Interactive plotting within a Jupyter Notebook can be done with the **%matplotlib** command. There are two possible options to work with graphics in Jupyter Notebook. These are as follows:-


•	**%matplotlib notebook** – This command will produce interactive plots embedded within the notebook.

•	**%matplotlib inline** – It will output static images of the plot embedded in the notebook.

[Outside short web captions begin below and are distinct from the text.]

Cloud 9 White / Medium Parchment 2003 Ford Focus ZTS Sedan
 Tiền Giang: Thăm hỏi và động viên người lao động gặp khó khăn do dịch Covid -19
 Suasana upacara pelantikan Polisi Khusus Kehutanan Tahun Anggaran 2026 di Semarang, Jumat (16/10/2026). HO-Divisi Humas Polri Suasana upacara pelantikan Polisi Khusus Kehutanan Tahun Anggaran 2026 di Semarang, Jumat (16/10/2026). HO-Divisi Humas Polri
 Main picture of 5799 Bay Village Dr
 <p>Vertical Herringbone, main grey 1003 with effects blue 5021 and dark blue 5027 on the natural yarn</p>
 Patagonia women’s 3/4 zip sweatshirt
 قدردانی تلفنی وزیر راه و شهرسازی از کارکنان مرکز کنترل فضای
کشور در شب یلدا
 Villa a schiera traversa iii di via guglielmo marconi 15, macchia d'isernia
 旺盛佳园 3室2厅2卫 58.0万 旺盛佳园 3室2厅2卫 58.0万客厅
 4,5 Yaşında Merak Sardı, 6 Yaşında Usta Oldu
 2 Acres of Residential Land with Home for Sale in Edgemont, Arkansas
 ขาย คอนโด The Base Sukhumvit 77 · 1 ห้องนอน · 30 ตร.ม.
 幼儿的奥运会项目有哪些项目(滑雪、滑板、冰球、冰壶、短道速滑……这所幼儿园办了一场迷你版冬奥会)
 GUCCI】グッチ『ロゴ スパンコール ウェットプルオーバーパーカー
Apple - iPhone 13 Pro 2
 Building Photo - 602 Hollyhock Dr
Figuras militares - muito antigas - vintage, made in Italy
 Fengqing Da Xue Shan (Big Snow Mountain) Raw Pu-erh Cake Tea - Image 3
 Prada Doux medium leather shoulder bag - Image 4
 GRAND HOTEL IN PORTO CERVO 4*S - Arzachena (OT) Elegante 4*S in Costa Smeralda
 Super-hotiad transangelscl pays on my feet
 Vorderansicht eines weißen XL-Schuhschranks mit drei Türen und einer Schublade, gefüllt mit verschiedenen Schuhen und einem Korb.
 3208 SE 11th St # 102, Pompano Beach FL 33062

After this command (it needs to be done only once per kernel per session), any cell within the notebook that creates a plot will embed a PNG image of the graphic.


In [None]:
%matplotlib inline

x1 = np.linspace(0, 10, 100)

# create a plot figure
fig = plt.figure()

plt.plot(x1, np.sin(x1), '-')
plt.plot(x1, np.cos(x1), '--');

### Matplotlib Object Hierarchy


There is an Object Hierarchy within Matplotlib. In Matplotlib, a plot is a hierarchy of nested Python objects. 
A **hierarchy** means that there is a tree-like structure of Matplotlib objects underlying each plot.


A **Figure** object is the outermost container for a Matplotlib plot. The **Figure** object contain multiple **Axes** objects. So, the **Figure** is the final graphic that may contain one or more **Axes**. The **Axes** represent an individual plot.


So, we can think of the **Figure** object as a box-like container containing one or more **Axes**. The **Axes** object contain smaller objects such as tick marks, lines, legends, title and text-boxes.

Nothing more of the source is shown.